The Dictionary Cache

The dictionary cache—also called the row cache because, effectively, it is used to cache individual rows of data from the data dictionary rather than data blocks—is the place where Oracle stores details of object definitions. We can view a summary of the content of this cache with a query against view v$rowcache. The results below come from an instance running 10g.

If you run the sample query against v$rowcache in 11g, you will see a couple of anomalies. One of the caches (cache# 11: dc_object_ids) has disappeared from v$rowcache, although it is still visible in v$rowcache_parent as cache# 11 but renamed to dc_objects; and cache# 7 has lost its parent entry, which seems to have migrated into cache# 10. Whether these are accidents or deliberate I don’t know, but there are clear indications that at least some of the code to expose the dictionary cache structures has gone wrong in 11g (x$kqrpd, as a particular case, is a total mess—not that you’re supposed to look at it anyway).

If you run the query against Oracle 9i you may find each item appearing multiple times—in the 9.2.0.8 instance I’m looking at currently there are eight rows for each combination of parameter, type, and subordinate#. This is affected by the (9.2.0.8 only) parameter _more_rowcache_latches, which defaults to true.

select
        cache#, parameter, type, subordinate#, count, usage, fixed, gets, getmisses
from
        v$rowcache
order by
        cache#, type, subordinate#
;

CACHE# PARAMETER              TYPE          SUB  COUNT  USAGE  FIXED    GETS GETMISSES
------ ---------------------- ------------ ---- ------ ------ ------ ------- ---------
     0 dc_tablespaces         PARENT                 8      8      0   62439        28
...
     7 dc_users               PARENT                10     10      0  157958        52
     7 dc_users               SUBORDINATE     0      0      0      0       0         0
     7 dc_users               SUBORDINATE     1      5      5      0    2600        31
     7 dc_users               SUBORDINATE     2      0      0      0       0         0
     8 dc_objects             PARENT               917    917     55   37716      3200
     8 dc_object_grants       SUBORDINATE     0     30     30      0    2079       196
     9 dc_qmc_cache_entries   PARENT                 0      0      0       0         0
    10 dc_usernames           PARENT                11     11      0    4075        42
    11 dc_object_ids          PARENT              1225   1225     55  171218      2886
    12 dc_constraints         PARENT                 1      1      0     362       131
...

This reports a list of lists. For example, we have a cache named dc_objects, which currently holds 917 items, all of which are currently valid; we have searched the list to find an item 37,716 times (gets) and failed to find that item 3,200 times (getmisses—that would require us to run the relevant recursive SQL statement to copy something from the data dictionary to the dictionary cache). The dc_objects cache also holds 55 fixed objects.
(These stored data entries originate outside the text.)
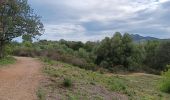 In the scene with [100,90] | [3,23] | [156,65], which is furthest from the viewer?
[156,65]

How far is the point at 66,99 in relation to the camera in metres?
16.5

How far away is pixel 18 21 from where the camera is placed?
112ft

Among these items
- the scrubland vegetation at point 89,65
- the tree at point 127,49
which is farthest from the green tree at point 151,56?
the tree at point 127,49

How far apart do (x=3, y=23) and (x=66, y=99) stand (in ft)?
60.8

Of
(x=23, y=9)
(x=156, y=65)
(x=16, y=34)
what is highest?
(x=23, y=9)

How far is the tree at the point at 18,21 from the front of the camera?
33759 millimetres

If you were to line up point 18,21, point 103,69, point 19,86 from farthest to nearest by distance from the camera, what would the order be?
1. point 103,69
2. point 18,21
3. point 19,86

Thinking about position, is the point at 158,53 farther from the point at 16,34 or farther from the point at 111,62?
the point at 16,34

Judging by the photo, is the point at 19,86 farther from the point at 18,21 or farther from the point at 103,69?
the point at 103,69

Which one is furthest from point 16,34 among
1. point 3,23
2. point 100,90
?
point 100,90

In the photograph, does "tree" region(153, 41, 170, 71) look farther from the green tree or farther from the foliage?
the foliage

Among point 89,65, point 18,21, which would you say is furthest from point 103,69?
point 18,21

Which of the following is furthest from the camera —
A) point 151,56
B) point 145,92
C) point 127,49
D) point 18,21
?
point 151,56

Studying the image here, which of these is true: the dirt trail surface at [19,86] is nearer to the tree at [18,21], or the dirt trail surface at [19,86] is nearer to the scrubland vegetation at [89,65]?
the scrubland vegetation at [89,65] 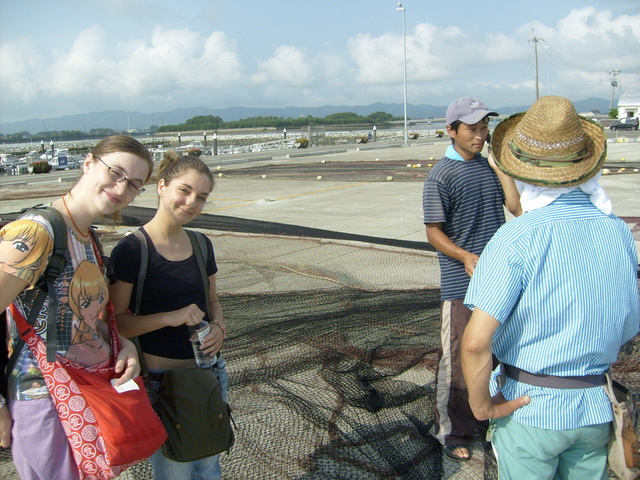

images Note As we have seen Oracle may have to run some recursive SQL to find the information that tells it how to run your SQL. But how does it get started—surely it can’t run any SQL until after it has run some SQL. The answer, as so often, is that Oracle cheats. There is some “bootstrap” code that knows the physical location of the first few objects in the database, and contains enough information to allow the optimizer to query them for further information. It is these bootstrap objects that appear as the fixed objects in v$rowcache.

If you want to know what the bootstrap objects are, read $ORACLE_HOME/rdbms/admin/sql.bsq up to the line holding “//”. You can also see the SQL to recreate the bootstrap objects in the table sys.bootstrap$. At database creation time Oracle writes this information into the database and records the physical location of the start of sys.bootstrap$ in the header block of the first file in the system and uses this back door into the database to read the table and learn about the base data dictionary at startup time.  You can see this address if you dump the file header at level 3 (oradebug dump file_hdrs 3), and search for the entry root dba.

You’ll notice that the rows reported fall into two groups—Parent and Subordinate. This relates to the way that Oracle will collate information in the cache—take cache# 8 as an example: it has a parent of dc_objects and a subordinate of dc_object_grants; this suggests that Oracle may be taking the (intuitively sensible) step of storing information about grants on TableX (say) together with the information about TableX itself.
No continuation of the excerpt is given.